The drug has a long history in the U.S. and Europe, where it has been sold since the early 1980s. A privately held German firm, Merz Pharmaceuticals GmbH, synthesized and developed the compound in the 1970s and eventually began marketing it for Parkinson's disease as a dopamine agonist. Frankfurt-based Merz later began studying its use in Alzheimer's patients.

Merz received European Union approval of Namenda for Alzheimer's last year, triggering a $1.4 million payment to NTI. Copenhagen, Denmark-based H. Lundbeck A/S exclusively markets the product for Alzheimer's disease throughout most of Europe, while Merz co-markets it in German-speaking countries.

NTI is due a $2.8 million milestone payment from Merz following FDA approval. Their relationship dates to 1998 through a complex arrangement Freiman jokingly said would take an hour to fully explain.

In the U.S., NTI licensed Namenda's use patents for diabetic neuropathy, age-related dementia and Huntington's disease from Children's Hospital at Harvard University, which in the mid-1990s had taken a use patent on the compound in such indications. Merz's original patent had expired at that point.

NTI later fell into financial trouble, at which time Merz made a financial investment in NTI. In exchange, NTI returned its licensing rights to the hospital, which returned the rights to Merz. In the end, after the tripartite deal was ultimately established, NTI retained its single-digit royalty stake.

Merz eventually entered a direct marketing agreement with Forest, which shouldered the cost of the late-stage Alzheimer's trials. Any royalties NTI will receive will flow first from Forest to Merz, then to NTI.

A Forest-sponsored pivotal trial studying the drug's ability to treat neuropathic pain in diabetic patients failed earlier this year, though. The drug did not demonstrate a significant difference vs. placebo relative to the trial's primary endpoints. (See BioWorld Today, May 8, 2003.)

Freiman said Forest continues to debate whether to continue that program. Should the compound receive FDA approval in that indication, he said NTI stands to receive a 13 percent royalty.

Outside of Namenda, NTI's pipeline includes one other late-stage product - xerecept, for which it owns full rights. The peptide has received the FDA's orphan drug designation for peritumoral brain edema. The agency also has authorized protocols for two Phase III trials that NTI expects to begin by the end of the year, Freiman said.
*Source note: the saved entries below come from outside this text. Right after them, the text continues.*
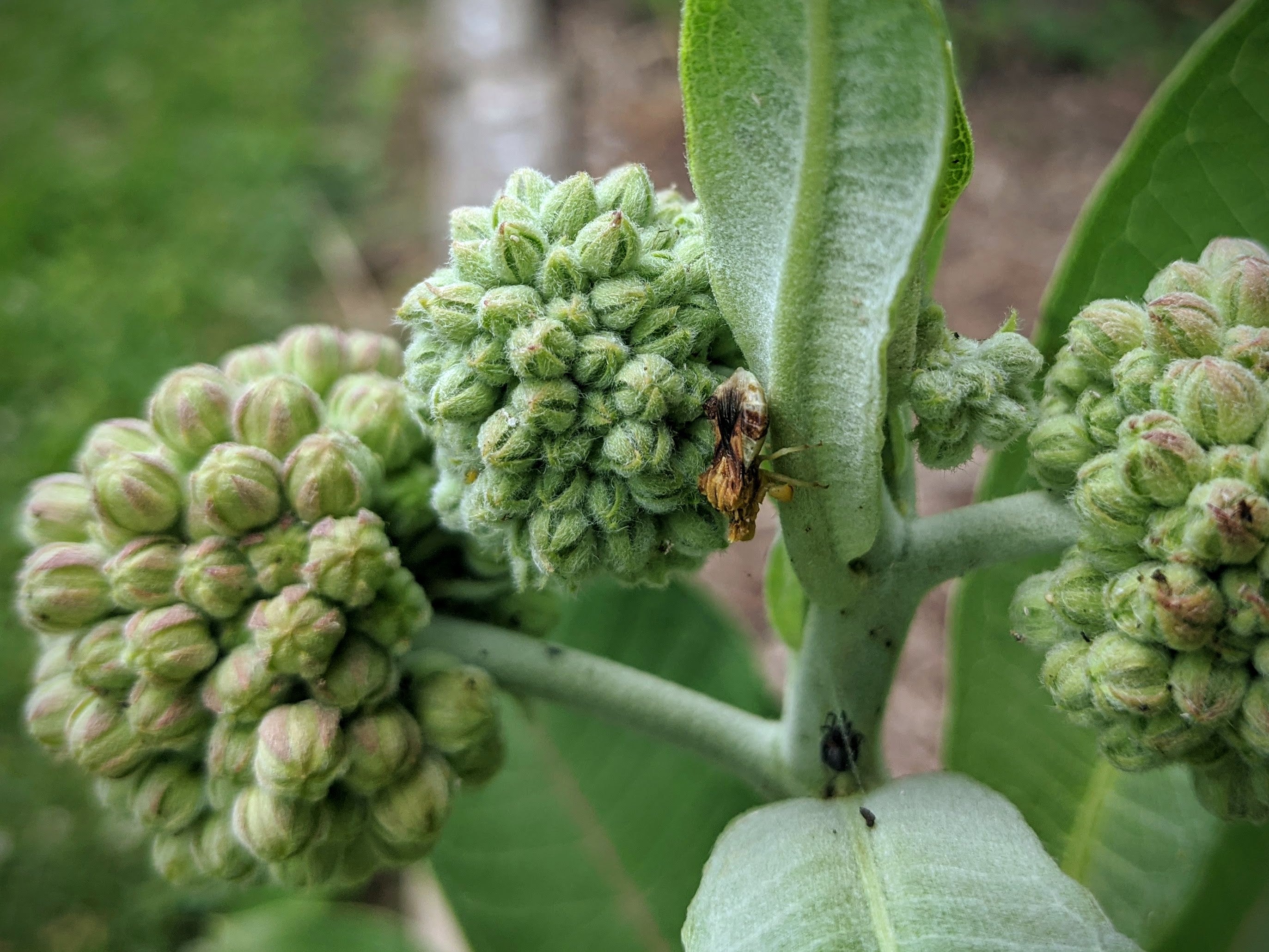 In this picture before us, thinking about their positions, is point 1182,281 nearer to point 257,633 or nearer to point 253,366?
point 257,633

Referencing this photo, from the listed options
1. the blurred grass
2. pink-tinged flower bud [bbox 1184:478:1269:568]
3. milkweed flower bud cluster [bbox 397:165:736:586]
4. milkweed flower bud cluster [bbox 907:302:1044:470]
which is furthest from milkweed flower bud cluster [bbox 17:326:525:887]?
the blurred grass

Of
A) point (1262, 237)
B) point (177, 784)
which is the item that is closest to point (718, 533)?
point (177, 784)

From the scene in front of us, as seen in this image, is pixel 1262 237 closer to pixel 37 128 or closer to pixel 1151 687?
pixel 1151 687

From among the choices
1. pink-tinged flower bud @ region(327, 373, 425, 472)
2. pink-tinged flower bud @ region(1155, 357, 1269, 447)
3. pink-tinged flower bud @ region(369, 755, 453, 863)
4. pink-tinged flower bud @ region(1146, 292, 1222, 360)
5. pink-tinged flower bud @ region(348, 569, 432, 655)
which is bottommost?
pink-tinged flower bud @ region(369, 755, 453, 863)

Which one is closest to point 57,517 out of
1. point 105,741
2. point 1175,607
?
point 105,741

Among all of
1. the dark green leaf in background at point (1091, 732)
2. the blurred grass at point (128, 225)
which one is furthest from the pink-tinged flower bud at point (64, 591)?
the blurred grass at point (128, 225)

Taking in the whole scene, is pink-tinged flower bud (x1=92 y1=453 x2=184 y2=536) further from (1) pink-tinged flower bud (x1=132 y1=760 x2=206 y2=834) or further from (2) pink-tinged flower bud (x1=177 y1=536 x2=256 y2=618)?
(1) pink-tinged flower bud (x1=132 y1=760 x2=206 y2=834)
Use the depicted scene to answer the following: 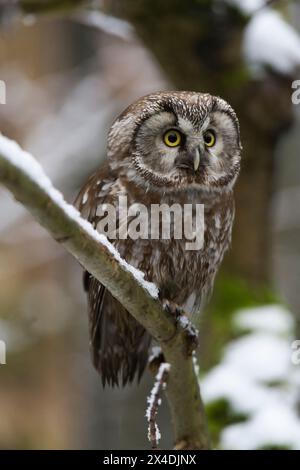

"If everything went well, by 2006 we could have the product on the market," he said. "We have nothing early stage, and we're looking at potentially bringing into the company other [central nervous system] products that are at a medium to later stage as well."

NTI's stock (NASDAQ:NTII) fell 29 cents to close at $6.25. Forest's shares (NYSE:FRX) climbed 46 cents to close at $49.92.